The FP Canada Research Foundation announced it has published new research assessing the value of withdrawing more than necessary from registered retirement income funds (RRIF), earlier than required, saying the benefits of the practice may be overstated.
“Put simply, some planners may be relying on rules of thumb, oversimplifying complex sets of circumstances. This may be a problem for clients, as the research shows that projections based on just one potential future scenario are unreliable and misleading,” the foundation states in its announcement about the release. “Accelerated RRIF withdrawal strategies aren’t always as valuable as expected.”

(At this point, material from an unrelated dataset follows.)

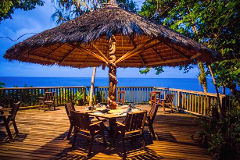 A patio with a large thatched umbrella on a wooden deck overlooks the ocean, featuring a dining table and chairs for an inviting outdoor meal.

The research paper, Retirement Drawdown Choices, authored by Doug Chandler, an actuary specializing in retirement research and an associate fellow of the National Institute on Aging, says “despite media stories highlighting opportunities to take advantage of differences in tax brackets, this research found that demonstrating added value can be quite difficult.” The report adds that advantages disappear when investment returns are both above average and below average. “In the analysis in this report, some opportunities that improve the average outcome come with increased risk of financial distress,” the report states.
“At the outset, it was intended that this research would determine if a manageable set of guidelines for financial planners who are called upon to advise clients on drawdown strategies could be articulated and outline what those rules would be,” they write. “Once the full complexity of investment risks, longevity risk and Canada’s morass of taxes, credits and income tested benefits for seniors was taken into account, this research concluded that simple, single-scenario projections of the value of a drawdown strategy are unreliable and misleading.”